[Dataset excerpts]
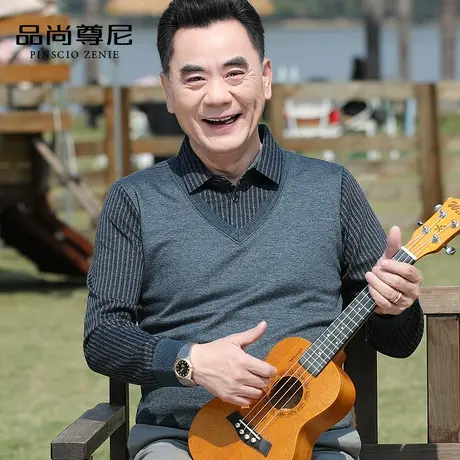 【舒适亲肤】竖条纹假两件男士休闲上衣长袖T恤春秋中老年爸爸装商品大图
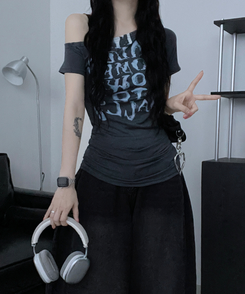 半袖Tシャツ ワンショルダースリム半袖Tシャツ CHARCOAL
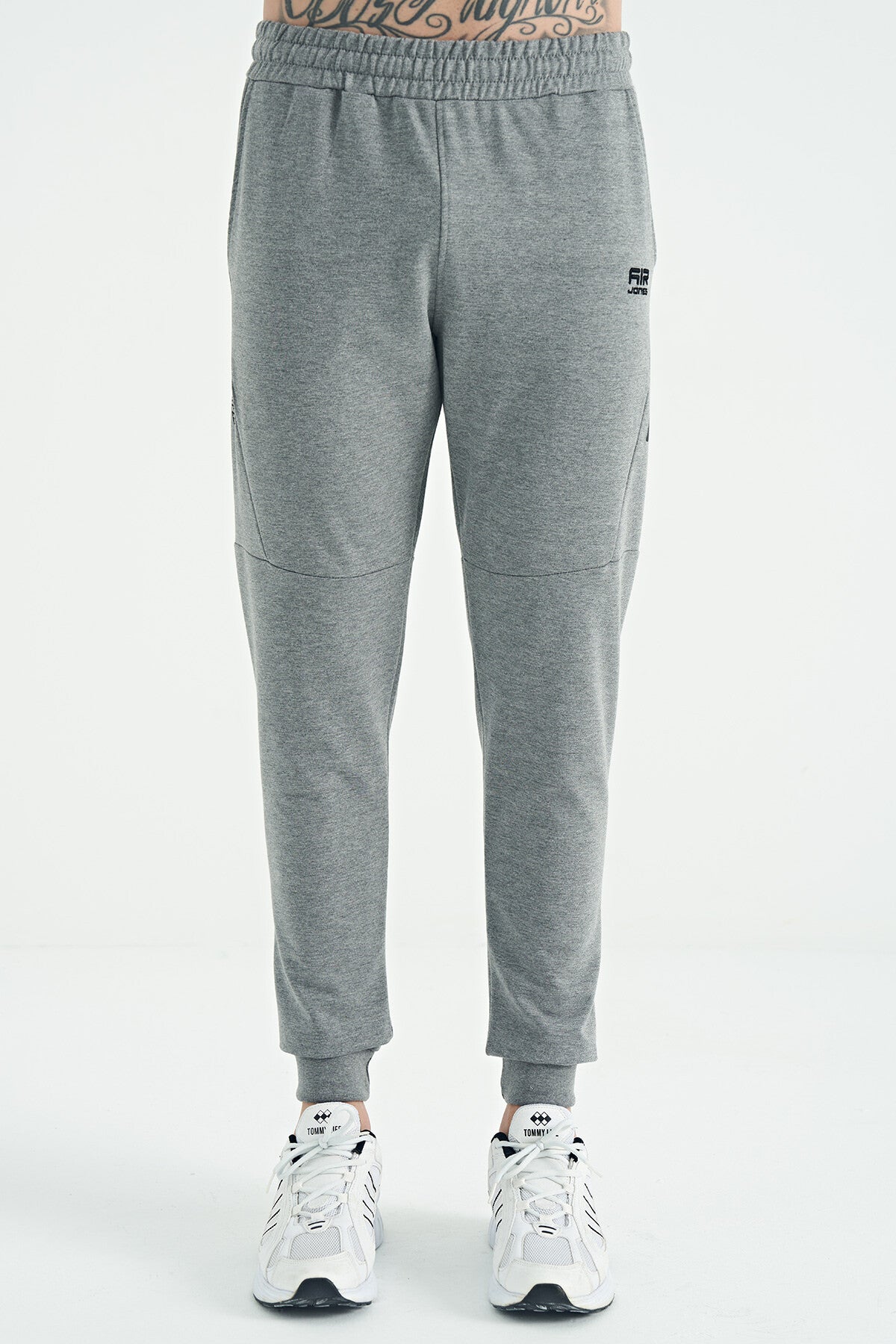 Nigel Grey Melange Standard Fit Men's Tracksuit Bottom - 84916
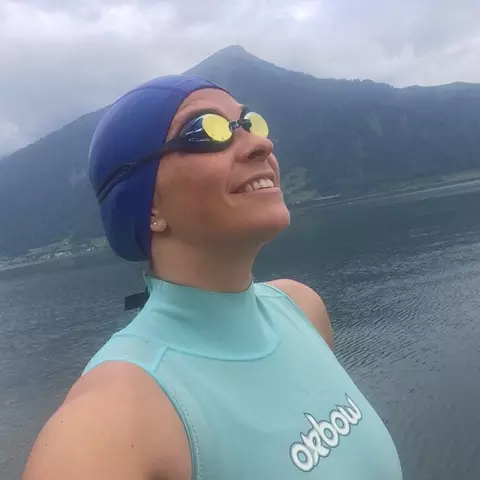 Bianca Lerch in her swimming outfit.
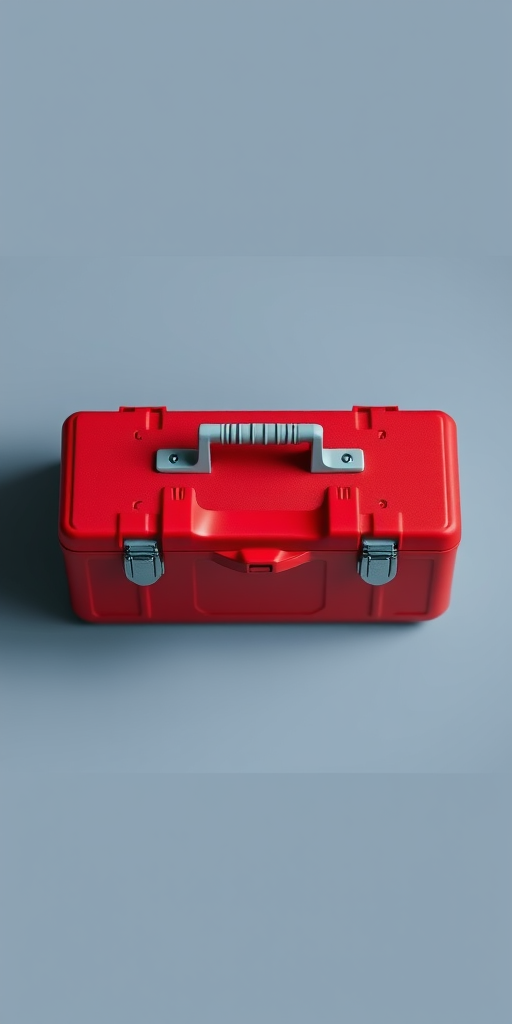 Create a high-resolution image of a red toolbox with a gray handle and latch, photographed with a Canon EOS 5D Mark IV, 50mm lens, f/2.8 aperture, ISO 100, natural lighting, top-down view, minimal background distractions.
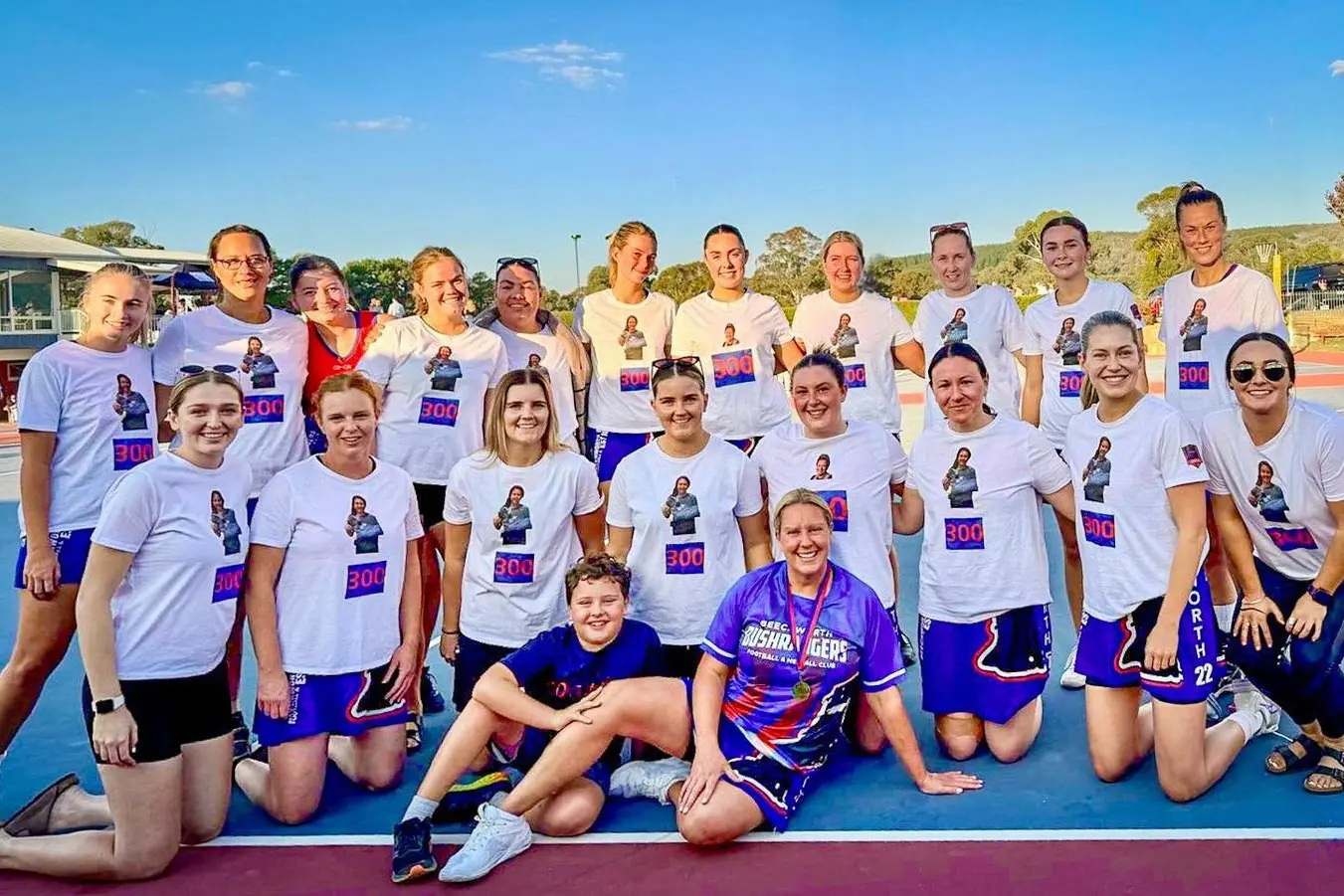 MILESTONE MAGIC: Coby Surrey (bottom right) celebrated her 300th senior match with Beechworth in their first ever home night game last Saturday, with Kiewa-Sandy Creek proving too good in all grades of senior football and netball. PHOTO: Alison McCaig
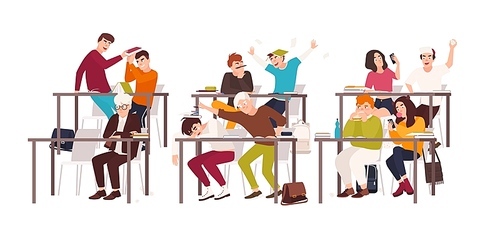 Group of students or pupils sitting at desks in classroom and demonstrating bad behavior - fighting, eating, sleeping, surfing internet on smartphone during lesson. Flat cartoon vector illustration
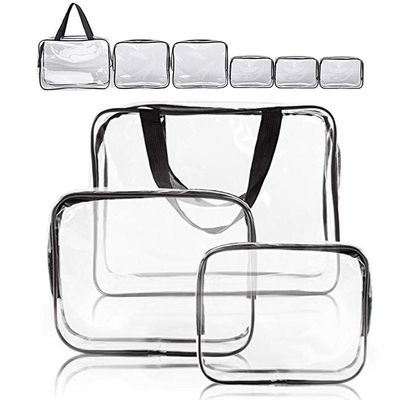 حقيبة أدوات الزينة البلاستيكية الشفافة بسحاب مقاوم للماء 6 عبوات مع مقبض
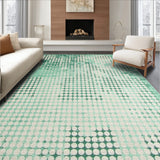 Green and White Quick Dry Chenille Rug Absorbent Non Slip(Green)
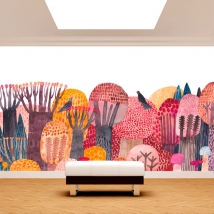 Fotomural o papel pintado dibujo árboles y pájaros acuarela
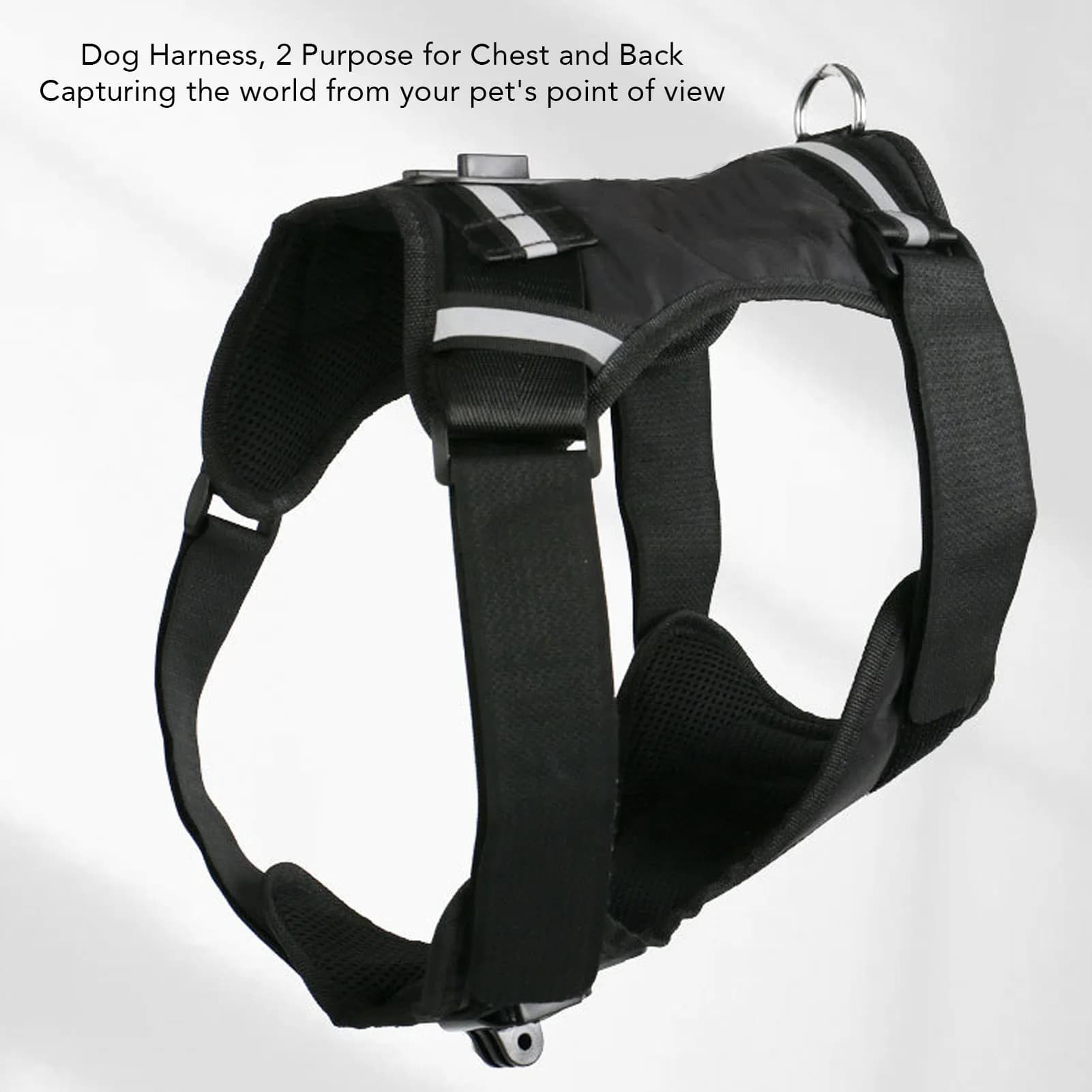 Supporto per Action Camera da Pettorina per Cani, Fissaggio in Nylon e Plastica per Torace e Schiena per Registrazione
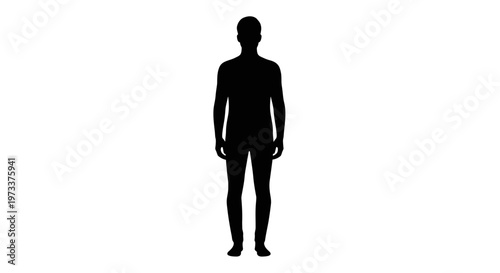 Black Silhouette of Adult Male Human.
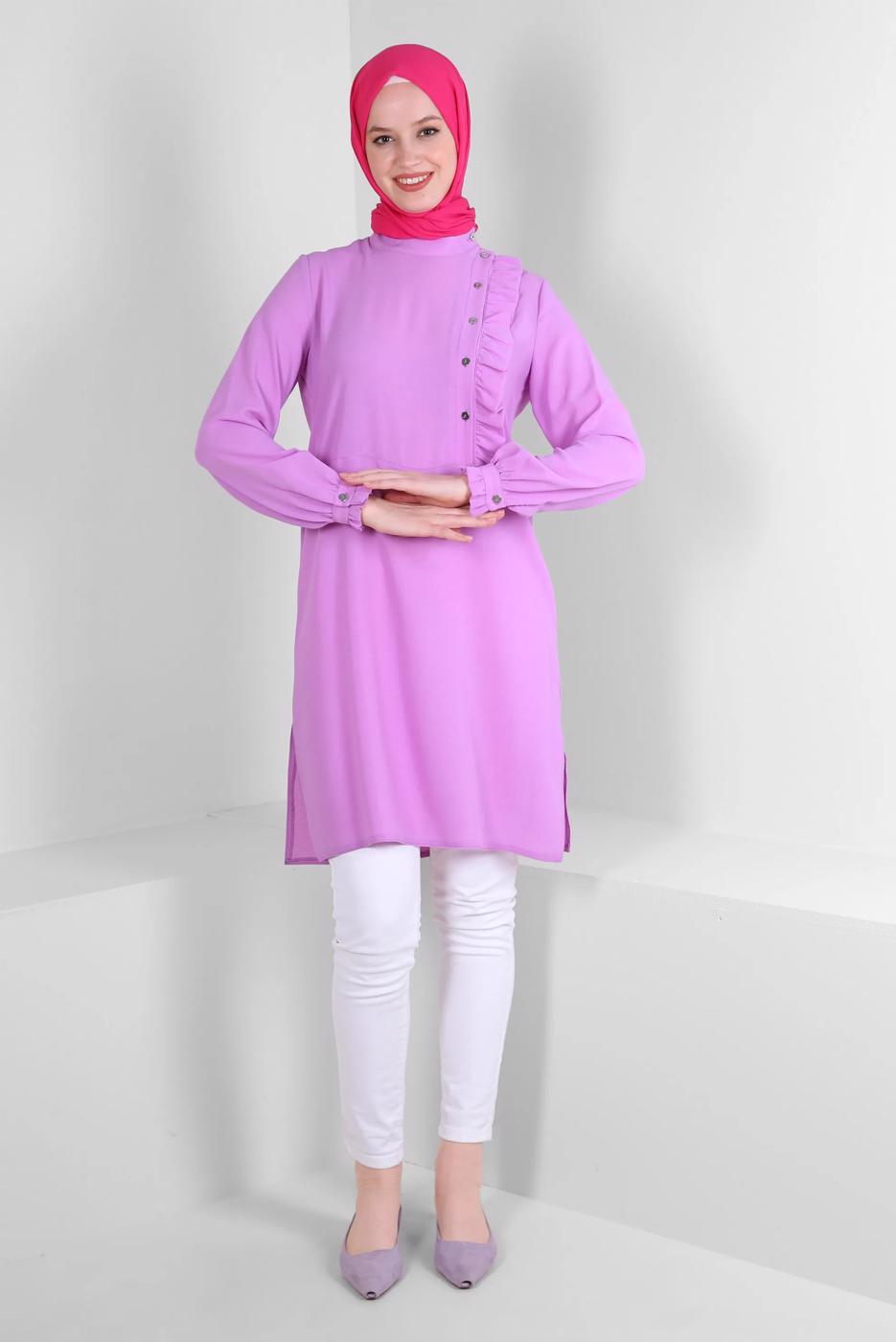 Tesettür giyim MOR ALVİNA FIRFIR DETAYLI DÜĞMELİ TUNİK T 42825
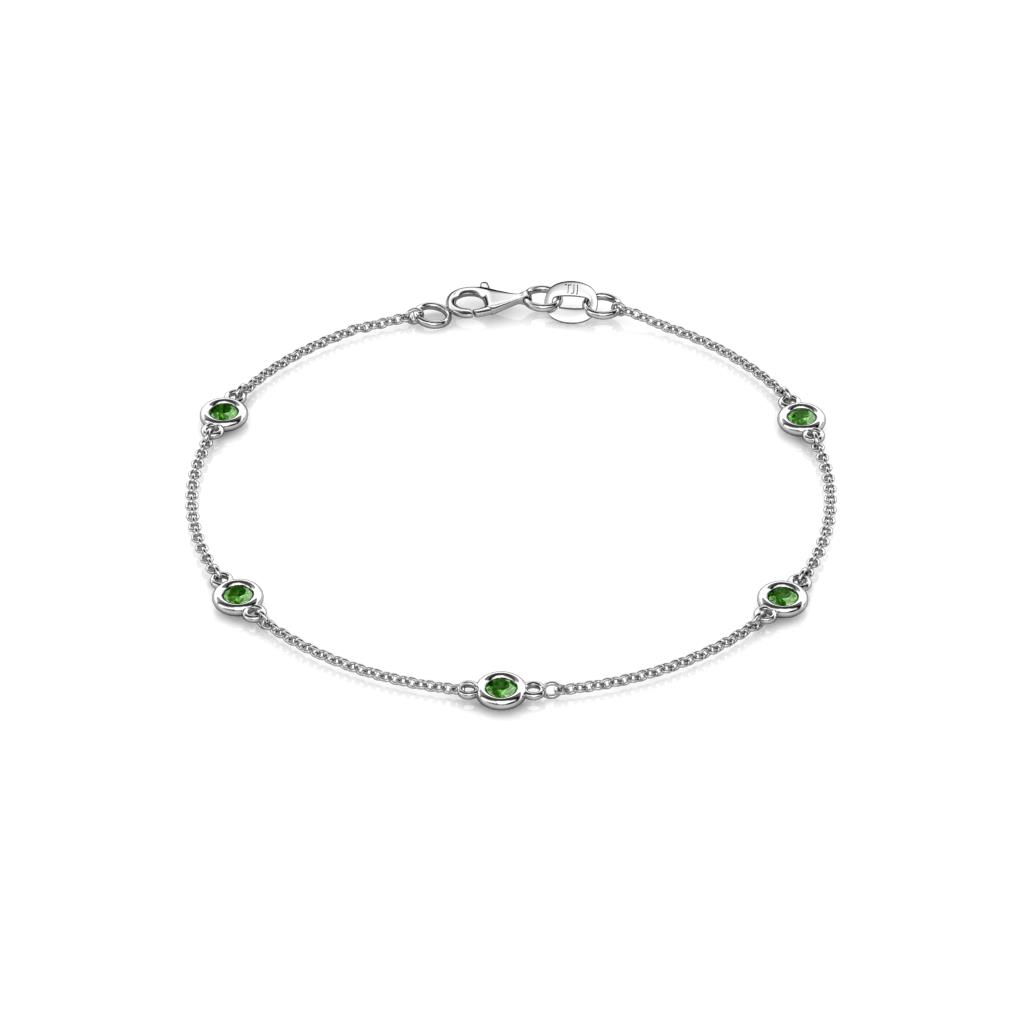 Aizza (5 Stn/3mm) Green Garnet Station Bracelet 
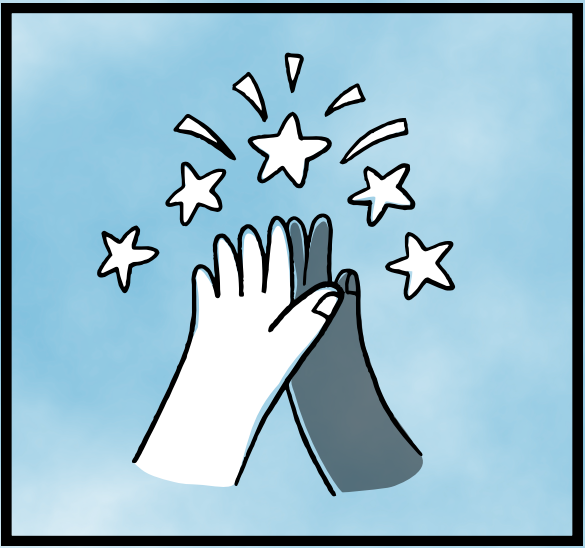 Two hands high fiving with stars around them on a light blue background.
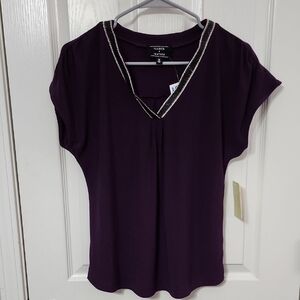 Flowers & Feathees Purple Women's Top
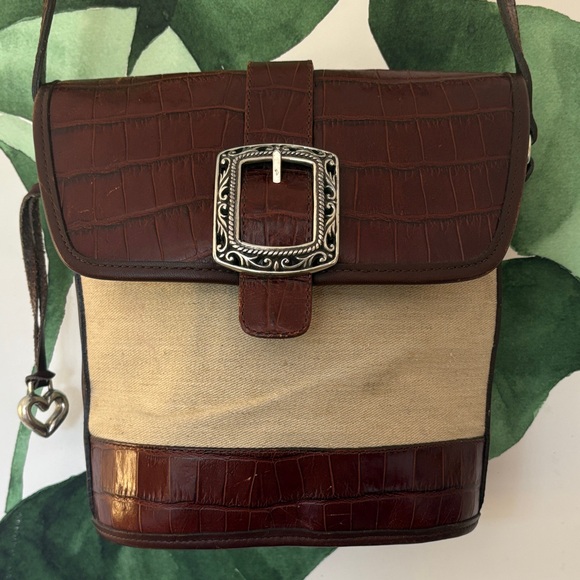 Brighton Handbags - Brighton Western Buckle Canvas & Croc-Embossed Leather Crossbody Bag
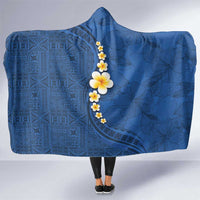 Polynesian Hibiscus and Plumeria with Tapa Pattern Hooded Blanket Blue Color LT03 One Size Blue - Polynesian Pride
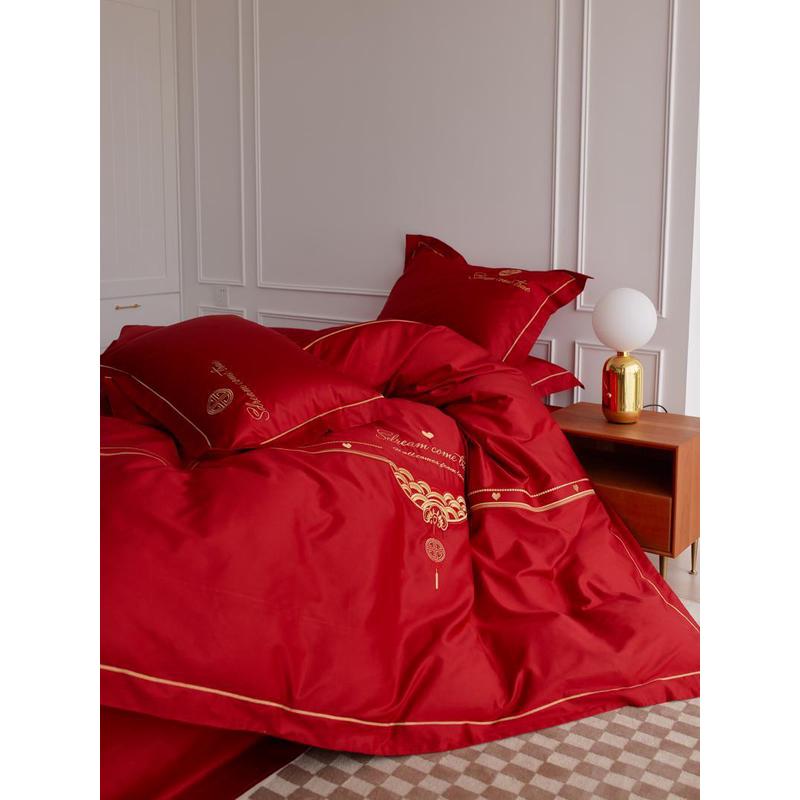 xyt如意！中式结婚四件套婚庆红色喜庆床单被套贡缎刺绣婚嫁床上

### What you have to do
The expected output is every line of the data, unchanged, with the pictures skipped.

### Answer section
 【舒适亲肤】竖条纹假两件男士休闲上衣长袖T恤春秋中老年爸爸装商品大图
 半袖Tシャツ ワンショルダースリム半袖Tシャツ CHARCOAL
 Nigel Grey Melange Standard Fit Men's Tracksuit Bottom - 84916
 Bianca Lerch in her swimming outfit.
 Create a high-resolution image of a red toolbox with a gray handle and latch, photographed with a Canon EOS 5D Mark IV, 50mm lens, f/2.8 aperture, ISO 100, natural lighting, top-down view, minimal background distractions.
 MILESTONE MAGIC: Coby Surrey (bottom right) celebrated her 300th senior match with Beechworth in their first ever home night game last Saturday, with Kiewa-Sandy Creek proving too good in all grades of senior football and netball. PHOTO: Alison McCaig
 Group of students or pupils sitting at desks in classroom and demonstrating bad behavior - fighting, eating, sleeping, surfing internet on smartphone during lesson. Flat cartoon vector illustration
 حقيبة أدوات الزينة البلاستيكية الشفافة بسحاب مقاوم للماء 6 عبوات مع مقبض
 Green and White Quick Dry Chenille Rug Absorbent Non Slip(Green)
 Fotomural o papel pintado dibujo árboles y pájaros acuarela
 Supporto per Action Camera da Pettorina per Cani, Fissaggio in Nylon e Plastica per Torace e Schiena per Registrazione
 Black Silhouette of Adult Male Human.
 Tesettür giyim MOR ALVİNA FIRFIR DETAYLI DÜĞMELİ TUNİK T 42825
 Aizza (5 Stn/3mm) Green Garnet Station Bracelet 
 Two hands high fiving with stars around them on a light blue background.
 Flowers & Feathees Purple Women's Top
 Brighton Handbags - Brighton Western Buckle Canvas & Croc-Embossed Leather Crossbody Bag
 Polynesian Hibiscus and Plumeria with Tapa Pattern Hooded Blanket Blue Color LT03 One Size Blue - Polynesian Pride
 xyt如意！中式结婚四件套婚庆红色喜庆床单被套贡缎刺绣婚嫁床上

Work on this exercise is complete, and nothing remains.